Aslı Erdoğan En Çok Paylaşılan Sözleri
-> Dünyayla savaşa kalkışacaksan, onun tarafını tutmalısın, kendini değil.
-> Bana kalırsa, kişisel tarihimin tek bir teması vardı; hayal kırıklığı.
-> İnsan, kendisiyle baş başa kaldığında, uçurumlarıyla da baş başa kalır.
-> Başınıza geldi mi bilmiyorum, yüzlerce kez duyduğunuz bir söz, günün birinde sizi en zayıf yerinizden vuruverir.
-> Hiç sevdiğiniz birinin bir daha dönmemek üzere çıkıp gidişini izlediniz mi? O sabah da herhangi bir sabah gibidir. Gene kahvaltısını atlamış, aç karnına sigara içmiştir.

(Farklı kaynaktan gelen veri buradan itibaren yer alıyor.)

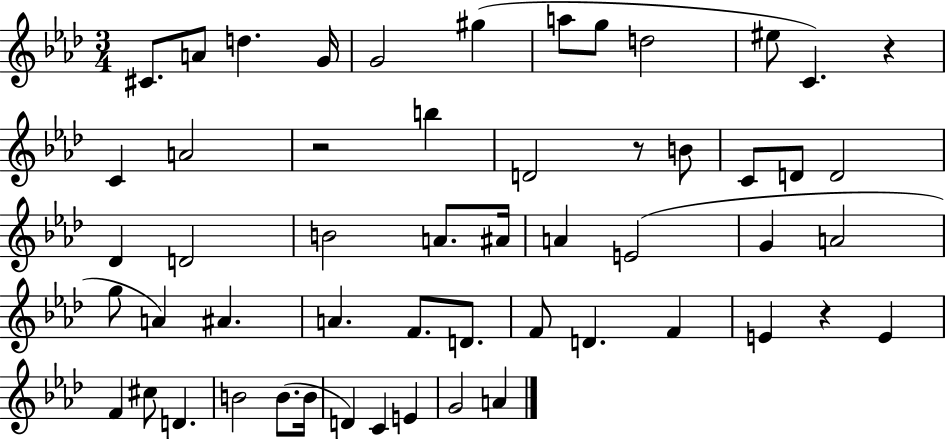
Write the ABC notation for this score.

X:1
T:Untitled
M:3/4
L:1/4
K:Ab
^C/2 A/2 d G/4 G2 ^g a/2 g/2 d2 ^e/2 C z C A2 z2 b D2 z/2 B/2 C/2 D/2 D2 _D D2 B2 A/2 ^A/4 A E2 G A2 g/2 A ^A A F/2 D/2 F/2 D F E z E F ^c/2 D B2 B/2 B/4 D C E G2 A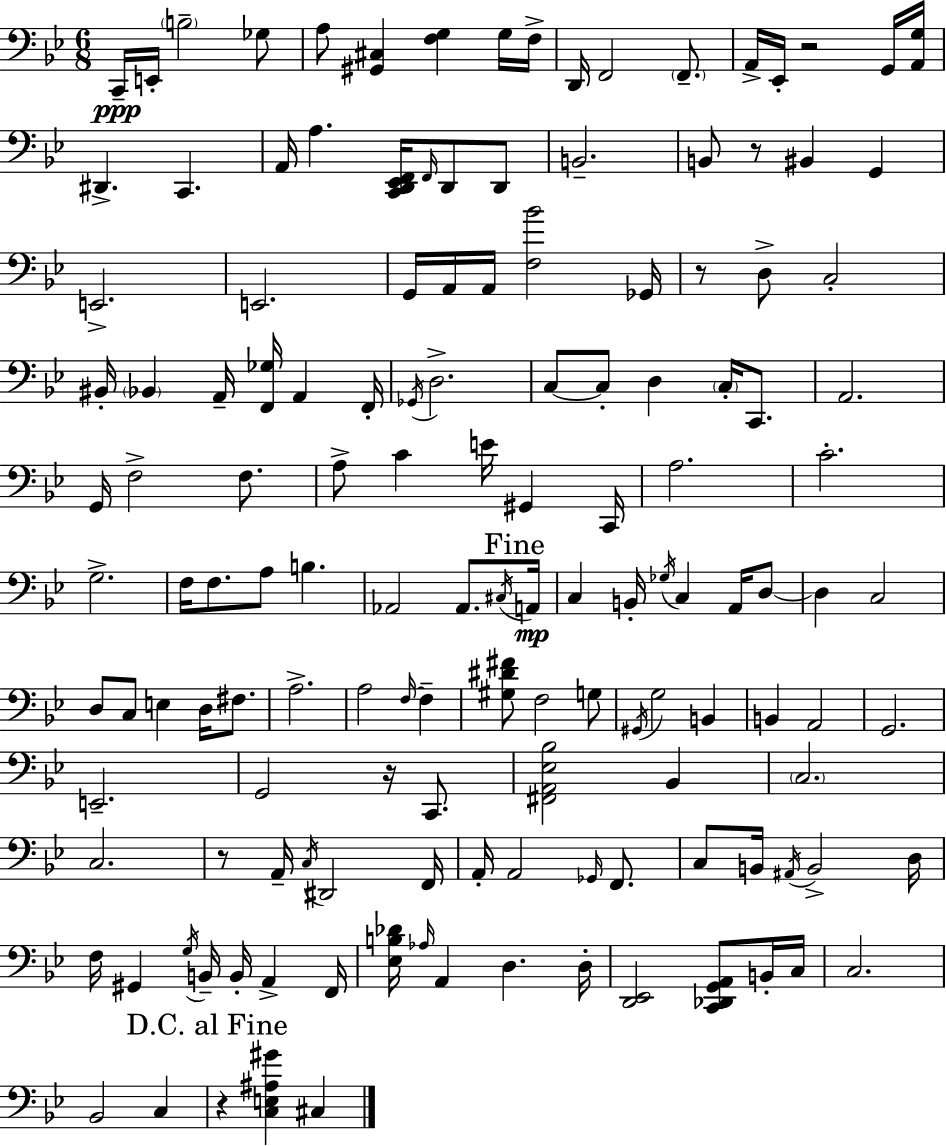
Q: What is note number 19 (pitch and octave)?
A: D2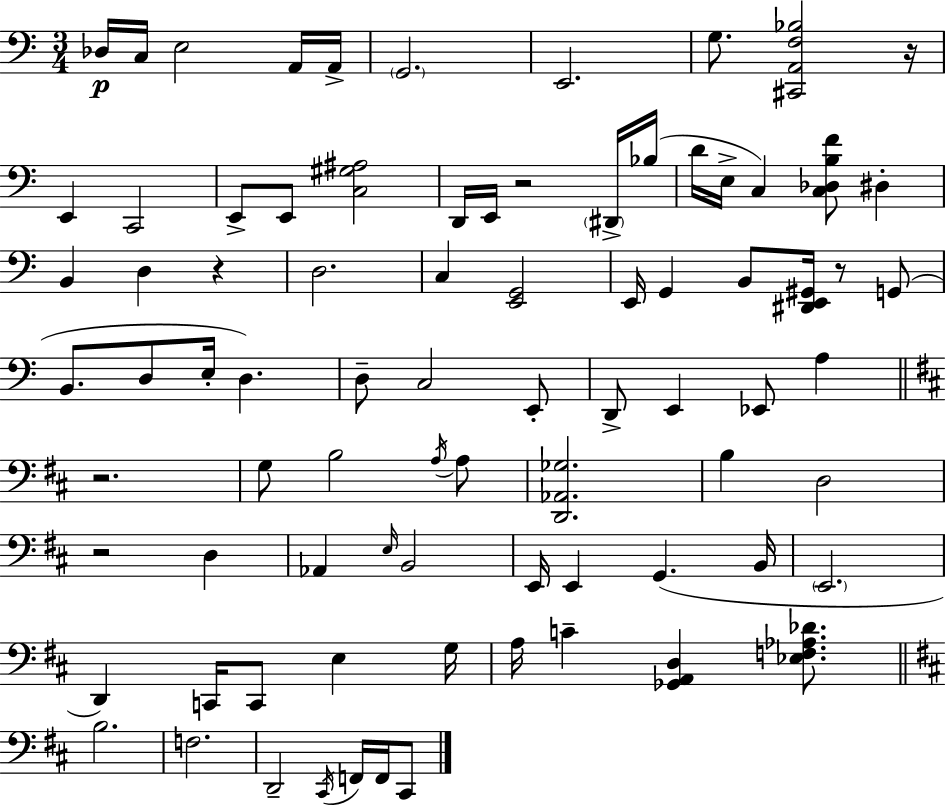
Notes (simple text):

Db3/s C3/s E3/h A2/s A2/s G2/h. E2/h. G3/e. [C#2,A2,F3,Bb3]/h R/s E2/q C2/h E2/e E2/e [C3,G#3,A#3]/h D2/s E2/s R/h D#2/s Bb3/s D4/s E3/s C3/q [C3,Db3,B3,F4]/e D#3/q B2/q D3/q R/q D3/h. C3/q [E2,G2]/h E2/s G2/q B2/e [D#2,E2,G#2]/s R/e G2/e B2/e. D3/e E3/s D3/q. D3/e C3/h E2/e D2/e E2/q Eb2/e A3/q R/h. G3/e B3/h A3/s A3/e [D2,Ab2,Gb3]/h. B3/q D3/h R/h D3/q Ab2/q E3/s B2/h E2/s E2/q G2/q. B2/s E2/h. D2/q C2/s C2/e E3/q G3/s A3/s C4/q [Gb2,A2,D3]/q [Eb3,F3,Ab3,Db4]/e. B3/h. F3/h. D2/h C#2/s F2/s F2/s C#2/e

Sinirlidir, sabahları hep olduğu gibi. Atkısını evde unutmuştur. Sanki o gün daha mı tedirgindi, yoksa sonradan düşündüğünüzde, o sabahı binlerce kez belleğinizde kurguladığınızda size mi öyle gelmişti. Bilseydiniz… Gelişigüzel bir veda yerine onu bir kez daha kucaklardınız. Kucaklar, bırakmazdınız. Dünyanın tüm bağlarıyla bağlardınız onu, tüm bağları, vaatleri, yeminleriyle. Sırf o kapıdan çıkıp gitmesin diye dünyayı durdurmanız gerekse durdururdunuz. Bilseydiniz.
-> Geçmişimi bir kabuktan sıyrılırcasına ırmağın öbür yakasında bıraktım.Geleceği de bütünüyle aklımdan çıkarmak,şu anın içinde sonsuzluğu bile düşünmeden yitip gitmek istiyorum.
-> Yalnızca kötülüğün en dibine inenler, erdemin doruklarına varabilir.
-> Oysa insanın bir başkasını küllerinden bile olsa yeniden yaratmak istemesi, sonsuz bir yetki üstlenmeyi, bir tanrı olmayı arzulamasıdır. Bu da onun acı çekmesini ya da ölmesini istemekten daha masum değildir.
-> Aşk, sahip olmadığın bir şeyi, var olmayan birine vermektir.
-> Pazar günleri çarçur edilmek içindir, çünkü aslında diğer günleri çarçur ettiğimizi ancak böyle unutabiliriz.